If Pelosi loses 38 Democrats, she probably can't pass a bill in the House.
Since some 60 Democrats say they'll vote against it without a public option, that's why she's saying a public option is essential.
But a couple dozen more moderate Democrats have said they'll oppose the plan, and most of them say they'll be against it if it does include a public option.
As for abortion, pro-life Democrat Bart Stupak, D-Mich., leads a group of 39 House Democrats who say they'll oppose the plan unless Pelosi allows a straightforward up or down vote on clearly banning taxpayer-funded abortions in the reform plan.
Stupak's worried Congress won't mention abortion in its final bill, and that silence will allow it to be paid for by taxpayers.

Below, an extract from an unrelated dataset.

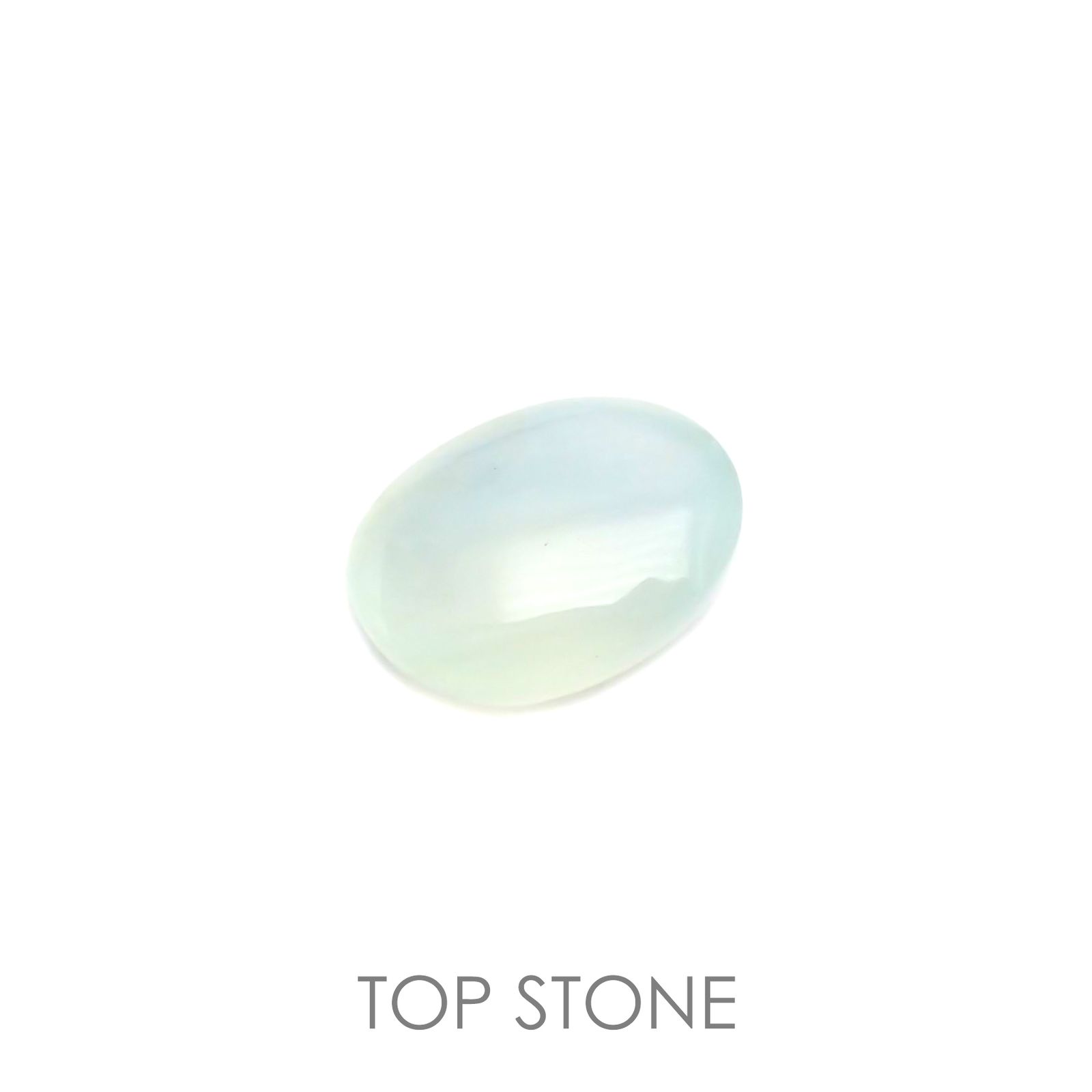 ブルーオパール(宝石名コモンオパール) ペルー産 1.91ct 識別済[20106192]9.8×7.8mm前後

"The courts have always ruled if Congress does not explicitly state 'no public funding for abortion,' then abortion is included as a covered benefit," Stupak said. "And therefore we need language that explicitly states 'no public funding for abortion,'" he added.
In the House, it's pretty clear most Republicans will fight an ambitious overhaul of health care.
"I have deep concerns about most of the provisions in this bill," Rep. Charles Boustany, R-La., said.
But a bipartisan group of senators keeps trying to come up with a Senate bill that could get some Republican support, even though the GOP Senate leader sounds doubtful.
"The status quo is not acceptable, but neither are any of the proposals we've seen from the White House or Democrats in Congress," Minority Leader Sen. Mitch McConnell, R-Ky., said.
President Obama says he's not giving up on Republicans.
On ABC's Good Morning America on Wednesday, he said his speech will make clear what he wants -- like a public option -- but another major goal is "to make sure that Democrats and Republicans understand that I'm open to new ideas," the president said.